Submitted by Pookie:
The Juggernaut ESF, as a secret society, is shadowy in nature and friends with the night. It was therefore right and just for Gorka and Pookie to represent the Juggernaut at the Cranky Monkey Darkside in the suburbs of DC.
As the sun set, the racers took off from a mass start on road to an open grass run-out that funneled into buffed single track. With a slim field, the race opened up quickly. Gorka, never a friend of technology, modern footware, or properly fitting pants, lacked trust in the longevity of his lights and so followed a fellow racer through the dark for most of the course. As the finish line approached, Gorka, true to his cowardly nature, offered the victory to his companion in recognition of the aid of his lights. And so it was that Gorka did not, in fact, “Olsen” this stranger in adherence to Juggernaut bylaws but instead simply rolled onto his back to expose his awful yellow belly.

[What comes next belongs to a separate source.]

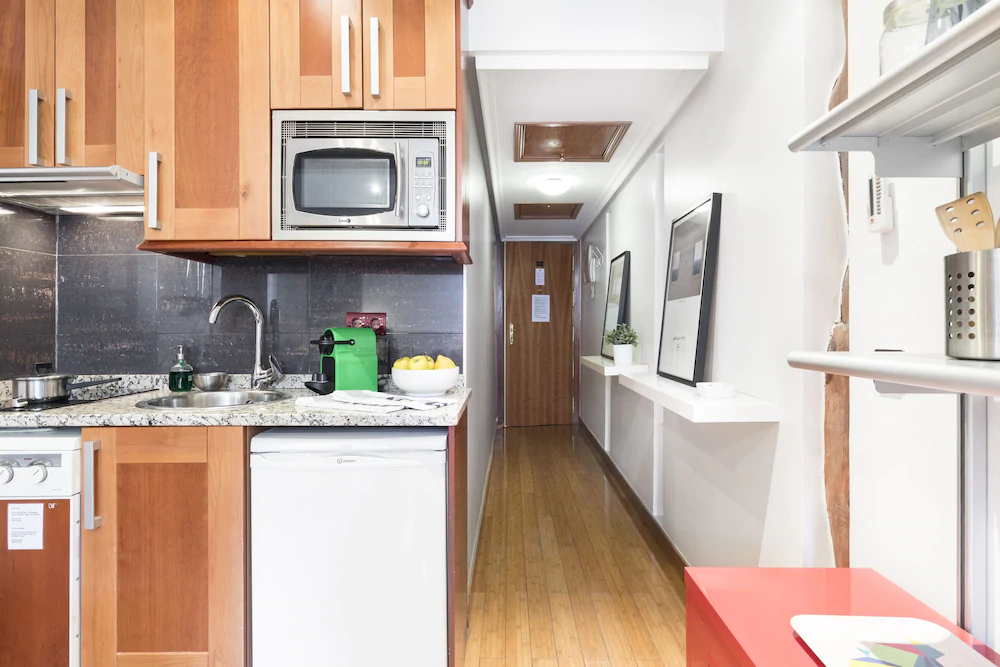 Fuencarral Apartments by FlatSweetHome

Gorka: 2nd in Expert Men’s 45+
In other nocturnal action, where the Juggernaut does some of its greatest magic, Pookie found his place in “Chase 2” tucked behind a veteran rider. Eventually tired of the smell of Tiger Balm musty lederhosen, Pookie moved ahead into the void and raced the second half of the course alone, in a zen-like commune with the spirits of the wood. Breaking into the open and crossing the finish line to abject silence and not a soul in sight, he wondered if his fellow Juggernaut host had actually made the Rapture or were left behind like him. Moments later, Pookie appeared in the “extended” podium at 5th in Expert Men 44 & Under.